Reproduce only the lines that run from the line containing "Kodiak Furniture Tucson" to the end of the entries below, exactly as they stand.

===== GIVEN INFORMATION =====

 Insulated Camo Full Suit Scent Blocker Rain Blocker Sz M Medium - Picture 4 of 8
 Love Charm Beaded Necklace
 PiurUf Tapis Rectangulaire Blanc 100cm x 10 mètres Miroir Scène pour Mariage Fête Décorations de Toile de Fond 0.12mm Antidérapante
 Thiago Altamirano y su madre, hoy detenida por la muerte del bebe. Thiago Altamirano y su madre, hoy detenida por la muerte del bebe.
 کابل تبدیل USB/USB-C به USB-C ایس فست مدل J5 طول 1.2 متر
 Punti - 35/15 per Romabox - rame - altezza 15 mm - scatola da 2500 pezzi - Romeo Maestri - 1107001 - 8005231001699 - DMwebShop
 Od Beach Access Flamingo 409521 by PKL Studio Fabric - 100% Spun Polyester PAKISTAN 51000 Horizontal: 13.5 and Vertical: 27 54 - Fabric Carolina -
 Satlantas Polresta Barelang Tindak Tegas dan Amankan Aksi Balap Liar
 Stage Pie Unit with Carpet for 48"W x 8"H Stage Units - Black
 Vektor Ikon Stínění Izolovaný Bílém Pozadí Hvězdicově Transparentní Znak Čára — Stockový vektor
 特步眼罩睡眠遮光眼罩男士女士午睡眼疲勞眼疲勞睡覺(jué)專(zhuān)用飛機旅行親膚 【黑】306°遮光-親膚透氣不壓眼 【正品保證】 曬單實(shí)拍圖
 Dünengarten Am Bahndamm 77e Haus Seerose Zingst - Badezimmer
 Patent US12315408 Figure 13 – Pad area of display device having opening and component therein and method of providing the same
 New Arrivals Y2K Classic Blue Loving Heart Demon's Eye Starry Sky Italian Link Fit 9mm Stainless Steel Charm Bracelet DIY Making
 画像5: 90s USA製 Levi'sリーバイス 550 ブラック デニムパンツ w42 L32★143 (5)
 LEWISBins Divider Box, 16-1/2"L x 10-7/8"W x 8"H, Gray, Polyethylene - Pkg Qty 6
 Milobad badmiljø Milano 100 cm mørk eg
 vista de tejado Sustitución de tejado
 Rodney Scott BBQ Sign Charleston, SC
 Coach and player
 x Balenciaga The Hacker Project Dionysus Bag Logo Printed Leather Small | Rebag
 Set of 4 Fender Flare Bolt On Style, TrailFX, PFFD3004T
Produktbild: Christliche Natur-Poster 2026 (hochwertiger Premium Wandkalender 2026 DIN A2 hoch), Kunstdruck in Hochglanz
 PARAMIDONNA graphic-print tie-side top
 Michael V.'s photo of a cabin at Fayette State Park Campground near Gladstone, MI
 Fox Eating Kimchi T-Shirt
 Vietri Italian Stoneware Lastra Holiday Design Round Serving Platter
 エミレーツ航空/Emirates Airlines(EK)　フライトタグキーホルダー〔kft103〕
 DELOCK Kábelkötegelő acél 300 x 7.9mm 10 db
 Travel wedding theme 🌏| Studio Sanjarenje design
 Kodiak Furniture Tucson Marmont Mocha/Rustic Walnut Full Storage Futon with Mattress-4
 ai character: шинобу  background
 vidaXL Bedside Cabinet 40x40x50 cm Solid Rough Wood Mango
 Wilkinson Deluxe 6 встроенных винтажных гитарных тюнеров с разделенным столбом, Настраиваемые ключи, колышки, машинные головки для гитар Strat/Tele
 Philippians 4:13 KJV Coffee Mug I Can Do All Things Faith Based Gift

=====

OUTPUT OF THE TASK –
 Kodiak Furniture Tucson Marmont Mocha/Rustic Walnut Full Storage Futon with Mattress-4
 ai character: шинобу  background
 vidaXL Bedside Cabinet 40x40x50 cm Solid Rough Wood Mango
 Wilkinson Deluxe 6 встроенных винтажных гитарных тюнеров с разделенным столбом, Настраиваемые ключи, колышки, машинные головки для гитар Strat/Tele
 Philippians 4:13 KJV Coffee Mug I Can Do All Things Faith Based Gift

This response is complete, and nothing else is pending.